Esclusiva

Maggio 22 2025
Entrambe le madri possono riconoscere i figli alla nascita

«È una sentenza storica, frutto di anni di battaglie giudiziarie in tutta Italia», spiega il presidente di Rete Lenford, riferendosi alla decisione della Corte Costituzionale

Con una decisione destinata a far discutere, la Corte Costituzionale ha portato una svolta sui diritti della comunità LGBTQ+. La Consulta ha stabilito che è incostituzionale impedire alla madre intenzionale – cioè colei che ha condiviso il progetto genitoriale pur non avendo legami biologici con il bambino – di riconoscere come proprio il figlio nato in Italia tramite procreazione medicalmente assistita (PMA) effettuata legittimamente all’estero.
La sentenza rappresenta una svolta nel panorama normativo italiano: d’ora in poi, anche la madre non biologica potrà essere riconosciuta come genitore sin dalla nascita, al pari della madre che ha fornito l’ovulo. La Consulta ha quindi dichiarato illegittimo l’articolo 8 della legge 40 del 2004, nella parte in cui negava questo diritto alle coppie formate da due donne.

«È una sentenza storica, frutto di anni di battaglie giudiziarie in tutta Italia per superare l’orientamento della Cassazione». Le parole di soddisfazione dell’avvocato Vincenzo Miri, presidente di Rete Lenford e difensore della coppia di madri davanti al Tribunale di Lucca e poi alla Corte Costituzionale. «Un ringraziamento speciale – aggiunge – a tutto il team che ha sostenuto fin dall’inizio la campagna “Affermazione costituzionale”, che oggi vede finalmente raggiunto il proprio obiettivo». La Consulta ha chiarito che la questione non riguarda i criteri di accesso alla PMA in Italia, ma il riconoscimento alla nascita della doppia maternità.
Negare questo diritto alla madre intenzionale, che ha espresso il proprio consenso alla fecondazione eterologa praticata all’estero, non solo non tutela l’interesse del minore ma viola precisi principi costituzionali. La Corte ha infatti ravvisato una lesione dell’articolo 2, per il mancato riconoscimento dell’identità personale del nato e del suo diritto a una condizione giuridica certa e stabile fin dalla nascita; dell’articolo 3, per l’irragionevolezza della norma che impedisce la parità di trattamento senza un reale controinteresse costituzionale; e dell’articolo 30, che tutela il diritto del bambino ad avere, fin da subito, rapporti giuridicamente definiti con entrambi i genitori e a beneficiare pienamente della responsabilità e degli obblighi genitoriali.

Al centro della pronuncia c’è il principio dell’assunzione condivisa di responsabilità: una volta deciso di ricorrere alla PMA, né la madre biologica né quella intenzionale possono sottrarsi agli impegni derivanti dalla genitorialità.
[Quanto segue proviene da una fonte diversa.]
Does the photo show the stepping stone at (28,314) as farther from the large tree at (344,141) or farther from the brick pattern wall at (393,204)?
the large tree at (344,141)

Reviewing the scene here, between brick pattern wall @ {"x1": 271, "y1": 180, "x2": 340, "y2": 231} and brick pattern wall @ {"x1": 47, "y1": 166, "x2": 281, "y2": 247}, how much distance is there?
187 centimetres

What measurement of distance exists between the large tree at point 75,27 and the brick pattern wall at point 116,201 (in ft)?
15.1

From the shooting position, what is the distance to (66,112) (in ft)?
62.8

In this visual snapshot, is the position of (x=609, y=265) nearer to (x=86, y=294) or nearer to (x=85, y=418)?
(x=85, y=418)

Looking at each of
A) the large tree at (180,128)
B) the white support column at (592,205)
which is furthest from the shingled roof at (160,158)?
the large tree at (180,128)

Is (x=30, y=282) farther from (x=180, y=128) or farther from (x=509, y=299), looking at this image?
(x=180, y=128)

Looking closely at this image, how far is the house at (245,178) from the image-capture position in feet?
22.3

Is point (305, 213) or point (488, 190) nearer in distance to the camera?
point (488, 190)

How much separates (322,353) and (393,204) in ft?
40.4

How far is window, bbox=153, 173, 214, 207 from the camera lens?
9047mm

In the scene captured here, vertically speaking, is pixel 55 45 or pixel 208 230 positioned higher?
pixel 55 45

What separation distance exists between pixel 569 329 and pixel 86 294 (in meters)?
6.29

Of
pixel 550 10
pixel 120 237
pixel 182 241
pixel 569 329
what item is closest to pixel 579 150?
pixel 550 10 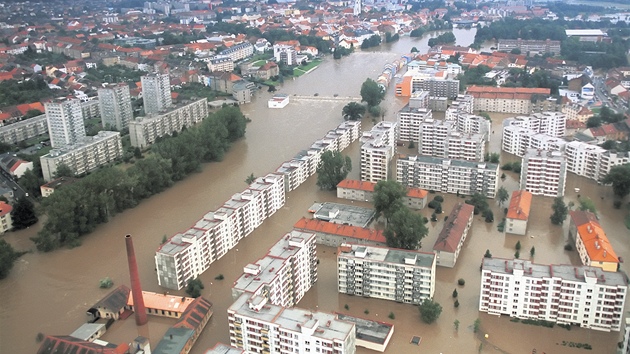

Il figlio, ha ricordato la Corte, ha diritto ad essere mantenuto, educato, istruito e assistito moralmente da entrambi i genitori, nel rispetto delle sue inclinazioni e aspirazioni, e a mantenere un rapporto continuativo ed equilibrato non solo con entrambi, ma anche con i parenti di ciascun ramo genitoriale.

«Dobbiamo fare ancora molto perché la questione riguarda le modalità con cui i bambini vengono creati, ma sono convinto che anche su quel fronte ci arriveremo, se non con una legge attraverso una sentenza come in questo caso». È il commento di Mario Colamarino, portavoce del Roma Pride 2025 e presidente del circolo Mario Mieli. Il messaggio della sentenza è chiaro: «La politica deve svegliarsi – dice Colamarino – e capire che il paese sta cambiando». Trasformare insieme la cultura del paese è la battaglia che vuole continuare a portare avanti. «Credo che l’arma più vincente contro il pregiudizio e l’odio sia mostrare chi siamo, solo così, possiamo cambiare qualcosa».